Meu rico povo. Meu rico filho, que inadvertidamente me pôs uma cor especial no princípio da manhã.

A apresentação correu bem. Os outros alunos riram muito - desconfio que o Matthias levou para a aula as piadas que me foram escapando enquanto fazia o jantar. A Amália foi muito aplaudida, num registo entre a brincadeira e a sincera admiração. A turma chegou à conclusão que fado com a Amália é que é, e que as cantoras modernas são diferentes, mas não vão tão longe. Perguntaram qual era a origem do sentimento "saudade" (ele desenrascou-se como pôde com algumas considerações sobre os descobrimentos), e se se pode beber quando se está a ouvir fado (respondeu que sim - se não se pode, e virem alguns alemãezitos em Lisboa a fazer isso, já sabem: vão falar com eles e perguntem-lhes se conhecem o Matthias).
A professora agradeceu-lhe por ter alargado os horizontes de todos, e deu a nota máxima.

**

Aulas de música no último ano do ensino secundário, numa escola vocacionada para as ciências - às vezes dá-me vontade de trocar de vida com o meu filho. Por exemplo outro dia, quando ele contou que tiveram um teste sobre um Lied de Schubert. A professora deixou ouvir a canção três vezes, e depois os alunos ficaram muito aflitos quando descobriram que só tinham 70 minutos para escrever sobre aquela peça. Quando é que eu alguma vez saberei o suficiente sobre Schubert e sobre Lieder para sentir que 70 minutos é pouco tempo para analisar uma canção?
Se alguém me vier dizer que no meu tempo é que a escola era boa, vai ter que ouvir.


10 comentários:

Cristina Gomes da Silva disse...

"A escola de antigamente ensinava as estações e apeadeiros, a escola actual ensina a viajar", escrito por um homem do norte, Manuel Sarmento, algures no tempo. Só quem tem horizontes estreitos se recusa a viajar, recusando do mesmo passo, crescer. Crescer consigo e com os outros. Dá aí os parabéns ao Mathias. Beijinhos de cá

Maria J Lourinho disse...

O comentário anterior é tão bonito que nada mais há a comentar sobre um tão bonito post. Disse

GL disse...

Parabéns ao Mathias, à Mãe, e a nós que temos a bênção de aprender, de ver o mundo, música incluída, através dos olhos deles.

Abraço.

Helena Araújo disse...

E a mim só resta fazer um sorriso para as duas comentadoras.

Helena Araújo disse...

Olha, chegou mais um comentário simpático! Ora então: a mim só resta fazer um sorriso para as três comentadoras.
:)

Paulo disse...

O Matthias! Esse rapaz vai longe. É claro que essa canção do Carlos do Carmo também é fado. Diferente, por certo, mas é um fado, apesar de as guitarras não acabarem no plim-plim costumeiro.
Parabéns a ele.

(Não deixa de ser curioso os colegas dele terem achado que a Amália é que é.)

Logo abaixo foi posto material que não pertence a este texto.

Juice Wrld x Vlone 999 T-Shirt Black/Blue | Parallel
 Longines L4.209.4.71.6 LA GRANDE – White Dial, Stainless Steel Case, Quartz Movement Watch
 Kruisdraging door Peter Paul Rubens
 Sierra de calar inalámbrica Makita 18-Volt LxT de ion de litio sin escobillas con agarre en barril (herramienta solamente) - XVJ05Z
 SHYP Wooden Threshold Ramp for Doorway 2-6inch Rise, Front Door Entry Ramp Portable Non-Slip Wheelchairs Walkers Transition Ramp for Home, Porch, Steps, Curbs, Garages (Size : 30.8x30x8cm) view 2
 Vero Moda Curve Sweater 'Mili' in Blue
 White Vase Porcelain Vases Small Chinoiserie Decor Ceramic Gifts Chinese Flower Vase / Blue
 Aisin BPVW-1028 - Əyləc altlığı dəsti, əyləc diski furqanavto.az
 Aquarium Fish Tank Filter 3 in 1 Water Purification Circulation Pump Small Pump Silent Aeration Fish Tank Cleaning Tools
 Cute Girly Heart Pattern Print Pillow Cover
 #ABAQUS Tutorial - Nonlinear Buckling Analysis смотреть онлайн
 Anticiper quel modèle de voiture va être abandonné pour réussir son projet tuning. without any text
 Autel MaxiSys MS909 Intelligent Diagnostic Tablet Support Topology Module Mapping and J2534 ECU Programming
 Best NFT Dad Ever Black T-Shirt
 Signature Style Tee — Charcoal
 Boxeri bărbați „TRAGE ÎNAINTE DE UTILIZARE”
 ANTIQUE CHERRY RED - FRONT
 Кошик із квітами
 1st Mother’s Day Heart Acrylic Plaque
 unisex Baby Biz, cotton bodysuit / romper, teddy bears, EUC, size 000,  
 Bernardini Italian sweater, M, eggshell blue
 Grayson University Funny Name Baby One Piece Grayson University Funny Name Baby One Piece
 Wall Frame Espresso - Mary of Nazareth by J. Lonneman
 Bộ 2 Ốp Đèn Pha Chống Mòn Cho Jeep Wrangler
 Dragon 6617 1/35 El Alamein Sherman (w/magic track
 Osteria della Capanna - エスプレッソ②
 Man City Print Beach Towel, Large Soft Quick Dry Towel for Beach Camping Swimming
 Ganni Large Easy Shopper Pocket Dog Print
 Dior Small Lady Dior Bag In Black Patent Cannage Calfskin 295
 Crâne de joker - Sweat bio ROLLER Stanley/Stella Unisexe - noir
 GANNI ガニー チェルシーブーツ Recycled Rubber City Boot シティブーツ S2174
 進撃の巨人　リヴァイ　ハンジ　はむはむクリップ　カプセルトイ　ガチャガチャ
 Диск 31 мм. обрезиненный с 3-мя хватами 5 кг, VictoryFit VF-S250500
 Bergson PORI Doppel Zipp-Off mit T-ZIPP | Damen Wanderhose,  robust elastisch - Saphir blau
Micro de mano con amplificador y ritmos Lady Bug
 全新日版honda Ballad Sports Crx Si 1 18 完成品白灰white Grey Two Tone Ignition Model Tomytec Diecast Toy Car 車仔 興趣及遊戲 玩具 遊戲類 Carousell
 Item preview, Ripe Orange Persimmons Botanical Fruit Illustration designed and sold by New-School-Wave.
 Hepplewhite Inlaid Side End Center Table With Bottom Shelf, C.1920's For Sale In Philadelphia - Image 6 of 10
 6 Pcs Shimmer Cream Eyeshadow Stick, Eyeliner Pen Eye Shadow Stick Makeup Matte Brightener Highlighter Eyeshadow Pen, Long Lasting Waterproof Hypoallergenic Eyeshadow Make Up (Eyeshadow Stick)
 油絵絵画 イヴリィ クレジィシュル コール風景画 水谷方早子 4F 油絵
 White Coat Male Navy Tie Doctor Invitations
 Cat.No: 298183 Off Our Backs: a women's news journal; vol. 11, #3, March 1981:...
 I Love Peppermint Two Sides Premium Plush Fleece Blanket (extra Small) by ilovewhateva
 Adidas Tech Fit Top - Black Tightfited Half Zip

(Pergunto-me se numa escola portuguesa, das normais, os alunos ficariam aflitos por só terem 70 minutos para escreverem sobre um tema qualquer.)

Helena Araújo disse...

Paulo, parece-me que quem tem de aprender muito com o fado sou eu. Quais são os critérios para dizer que é ou não é fado?
Essa da Amália também me comoveu: imagina um bando de miúdos de 17 anos a aplaudir na brincadeira, e ao mesmo tempo sinceramente.
Essa dos 70 minutos: estou contigo. E não falo dos alunos das escolas portuguesas, falo de mim nessa idade.



Paulo disse...

Quais são os critérios...
Conheces a canção que Aznavour escreveu para a Amália? Para mim as fronteiras são muito ténues e movediças.

Helena Araújo disse...

Aie, mourir pour toi: parece mesmo fado, mas não acaba com plim-plim. Bem, estou a ver que não percebo mesmo nada disto. Vou pedir explicações ao Matthias...

Paulo disse...

:-)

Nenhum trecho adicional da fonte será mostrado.